Actually, it works fine in the sense that it works. However, if you
time it, it was obvious that it wasn't using an optimized version
(x**1 was as slow as x**1.1).

> I kind of like power and scalar_power. Then ** could be advertised as
> calling scalar_power for scalars and power for arrays. Scalar power
> would do optimizations on integer and half_integer powers. Of course
> there's no real way to enforce that scalar power is passed scalars,
> since presumably it would be a ufunc, short of making _scalar_power a
> ufunc instead and doing something like:
>
> def scalar_power(x, y):
>    "compute x**y, where y is a scalar optimizing integer and half
> integer powers possibly at some minor loss of accuracy"
>    if not is_scalar(y): raise ValuerError("Naughty!!")
>    return _scalar_power(x,y)

I'm tempted to make it have the same signature as power, but call
power if passed an array (or, at the ufunc level, if the stride for
the second argument is non-zero).

>>Another point is to look at __div__, and use reciprocal if the
>>dividend is 1.
>>
>>
> That would be easy, but wouldn't it be just as easy to optimize
> __div__ for scalar divisions. Should probably check that this isn't
> just as fast since it would be a lot more general.

Hmm, scalar division and multiplication could both be speed up:

In [36]: a = arange(10000, dtype=float)
In [37]: %time for i in xrange(100000): a * 1.0
CPU times: user 3.30 s, sys: 0.00 s, total: 3.30 s
Wall time: 3.39
In [38]: b = array([1.])
In [39]: %time for i in xrange(100000): a * b
CPU times: user 2.63 s, sys: 0.00 s, total: 2.63 s
Wall time: 2.71

The differences in times are probably due to creating an array to hold
1.0.

When I have time, I'll look at the ufunc machinery. Since ufuncs are
just passed pointers to data and strides, there's no reason (besides
increasing complexity ;-) to build an ndarray object for scalars.

Alternatively, allow passing scalars to ufuncs: you could define a
ufunc (like our scalar_power) to take an array argument and a scalar
argument.

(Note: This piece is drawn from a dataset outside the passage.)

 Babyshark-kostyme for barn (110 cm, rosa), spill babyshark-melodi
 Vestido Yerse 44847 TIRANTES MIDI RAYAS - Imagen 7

Or, power could be defined to take (array, array) or (array,
scalar), and the ufunc machinery would choose the appropiate one.

-- 
|>|\/|<
/--------------------------------------------------------------------------\
|David M. Cooke                      http://arbutus.physics.mcmaster.ca/dmc/
|cookedm at physics.mcmaster.ca